_Aim of the task:_
Look through the data below and extract, unchanged, the lines from the one that contains "Choose DSS Key, then" to the one that contains "Hopefully, this activity", both included.

** Opening Records block **

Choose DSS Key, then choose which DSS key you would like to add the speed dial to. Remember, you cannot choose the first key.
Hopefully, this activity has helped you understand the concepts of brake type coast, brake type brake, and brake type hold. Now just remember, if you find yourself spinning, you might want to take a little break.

** Closing Records block **
** Opening Records block **

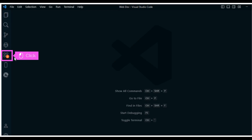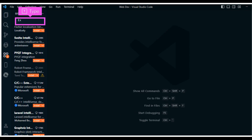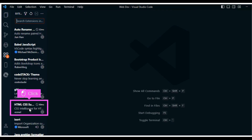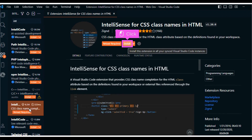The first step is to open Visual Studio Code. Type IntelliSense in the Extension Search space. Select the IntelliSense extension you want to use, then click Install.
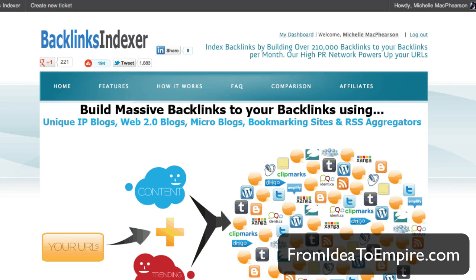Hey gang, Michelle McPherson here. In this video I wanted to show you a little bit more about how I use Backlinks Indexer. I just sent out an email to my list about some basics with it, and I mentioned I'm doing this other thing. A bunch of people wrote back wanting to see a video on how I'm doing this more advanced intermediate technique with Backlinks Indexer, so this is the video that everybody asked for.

** Closing Records block **

_Written solution:_
Choose DSS Key, then choose which DSS key you would like to add the speed dial to. Remember, you cannot choose the first key.
Hopefully, this activity has helped you understand the concepts of brake type coast, brake type brake, and brake type hold. Now just remember, if you find yourself spinning, you might want to take a little break.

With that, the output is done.